* _Task statement_:
Look through the data below for the line with "Ferienwohnung für 4" and the line with "Toyota Prado, 2018 14", then output those two and all lines in between, exactly as written.

* _Provided entries_:

┌──

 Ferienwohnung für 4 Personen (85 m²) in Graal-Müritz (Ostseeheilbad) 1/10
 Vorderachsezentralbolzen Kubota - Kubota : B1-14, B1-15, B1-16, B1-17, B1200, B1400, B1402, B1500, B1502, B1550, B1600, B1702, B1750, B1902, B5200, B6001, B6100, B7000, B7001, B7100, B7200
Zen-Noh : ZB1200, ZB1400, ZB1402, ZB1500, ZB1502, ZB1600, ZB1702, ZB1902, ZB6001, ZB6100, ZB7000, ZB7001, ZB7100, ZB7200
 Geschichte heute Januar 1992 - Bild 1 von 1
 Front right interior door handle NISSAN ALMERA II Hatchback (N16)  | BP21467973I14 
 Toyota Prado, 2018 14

└──
┌──

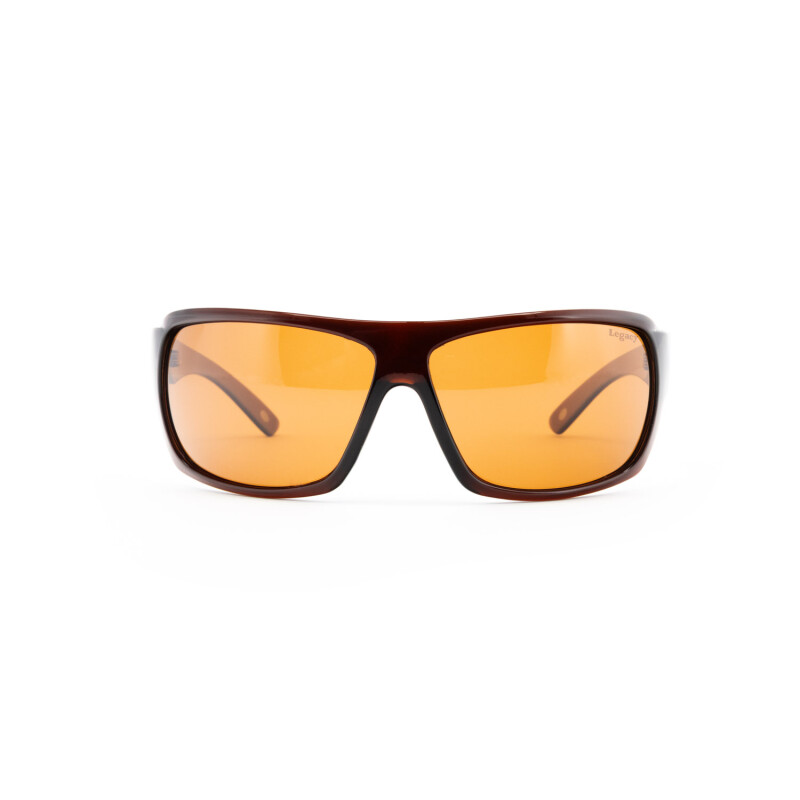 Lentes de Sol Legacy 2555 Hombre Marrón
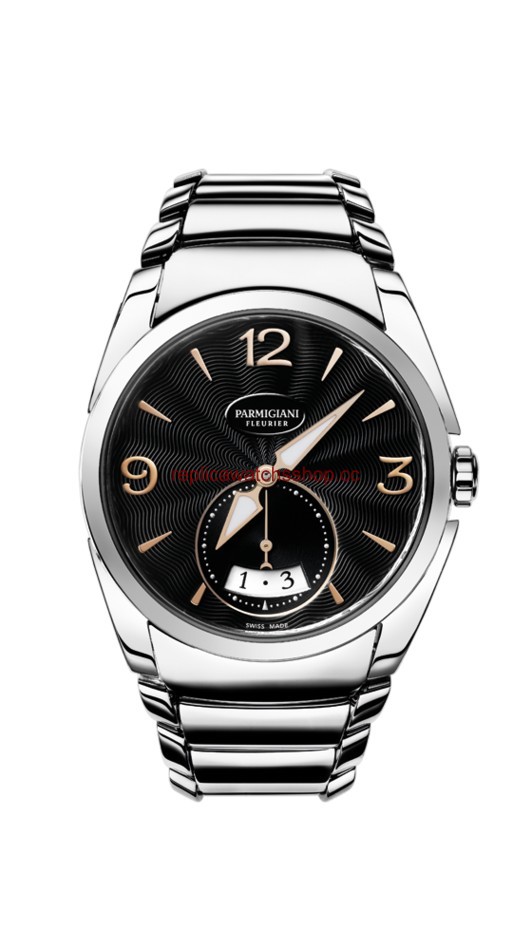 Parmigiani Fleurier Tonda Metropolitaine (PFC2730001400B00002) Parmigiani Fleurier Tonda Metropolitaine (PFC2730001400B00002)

└──

* _Written solution_:
 Ferienwohnung für 4 Personen (85 m²) in Graal-Müritz (Ostseeheilbad) 1/10
 Vorderachsezentralbolzen Kubota - Kubota : B1-14, B1-15, B1-16, B1-17, B1200, B1400, B1402, B1500, B1502, B1550, B1600, B1702, B1750, B1902, B5200, B6001, B6100, B7000, B7001, B7100, B7200
Zen-Noh : ZB1200, ZB1400, ZB1402, ZB1500, ZB1502, ZB1600, ZB1702, ZB1902, ZB6001, ZB6100, ZB7000, ZB7001, ZB7100, ZB7200
 Geschichte heute Januar 1992 - Bild 1 von 1
 Front right interior door handle NISSAN ALMERA II Hatchback (N16)  | BP21467973I14 
 Toyota Prado, 2018 14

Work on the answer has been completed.